The Washington House of Representatives on the floor passed a package of bills during a floor session that included measures on fire‑district hiring, local government compliance with planning laws, leasing of certain Washington State Department of Transportation (WSDOT) properties, hospital supply limits and changes to oversight of education for justice‑involved youth.
The measures ranged from broadly supported bills — including one to allow hospitals to provide larger take‑home supplies of medication — to closer votes on bills that revise local government compliance rules and expand leasing authority for certain WSDOT parcels.

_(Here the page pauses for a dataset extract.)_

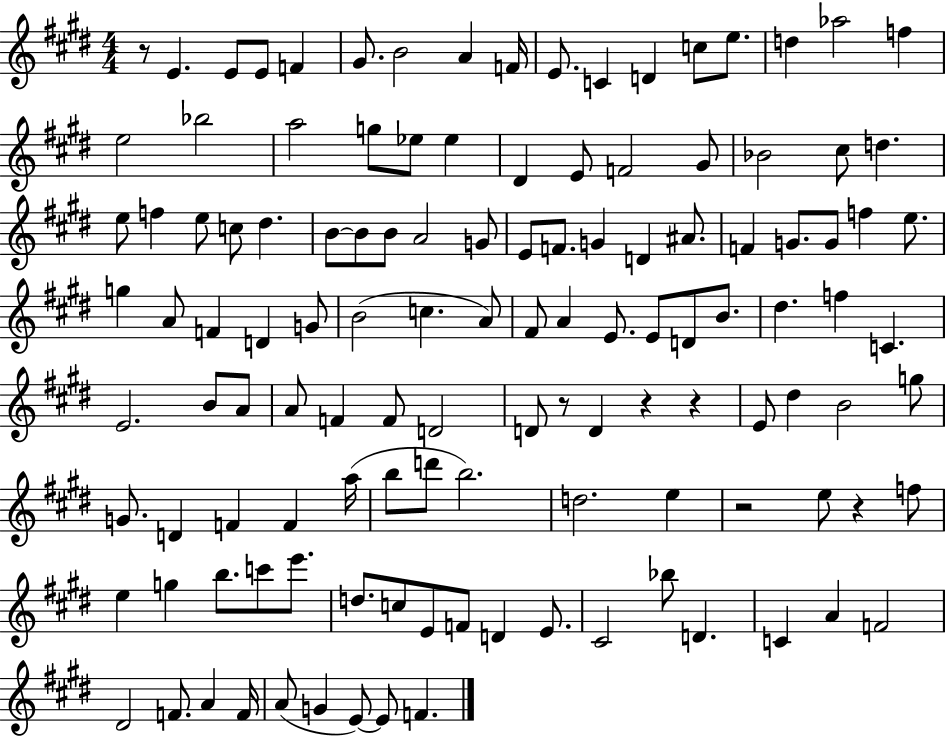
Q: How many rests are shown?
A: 6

Representative Joe Schmidt, speaking for House Bill 1172, said the bill was driven by local fire commissioners and chiefs seeking flexibility in hiring procedures. “Basically, the bill lets them opt out of the civil service system and allows them to, expedite the way that they go through hiring,” Schmidt said on the floor.

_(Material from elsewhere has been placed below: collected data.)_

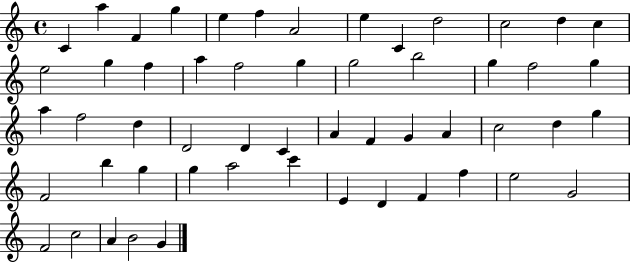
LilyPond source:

{
  \clef treble
  \time 4/4
  \defaultTimeSignature
  \key c \major
  c'4 a''4 f'4 g''4 | e''4 f''4 a'2 | e''4 c'4 d''2 | c''2 d''4 c''4 | \break e''2 g''4 f''4 | a''4 f''2 g''4 | g''2 b''2 | g''4 f''2 g''4 | \break a''4 f''2 d''4 | d'2 d'4 c'4 | a'4 f'4 g'4 a'4 | c''2 d''4 g''4 | \break f'2 b''4 g''4 | g''4 a''2 c'''4 | e'4 d'4 f'4 f''4 | e''2 g'2 | \break f'2 c''2 | a'4 b'2 g'4 | \bar "|."
}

House Bill 1135 — an engrossed substitute that drew the lengthiest debate in the session — modifies how local governments respond after a finding of noncompliance with state planning requirements under the Growth Management Act (GMA). Representative Doer moved and supported an amendment that narrows the scope of what must be addressed after a finding of noncompliance to the specific code or ordinance involved; supporters said the change reduced stakeholder concerns about overbroad remedies. Representative Dewar, who spoke in opposition to one amendment, said it risked exempting frontier counties from compliance consequences and urged a no vote on that amendment.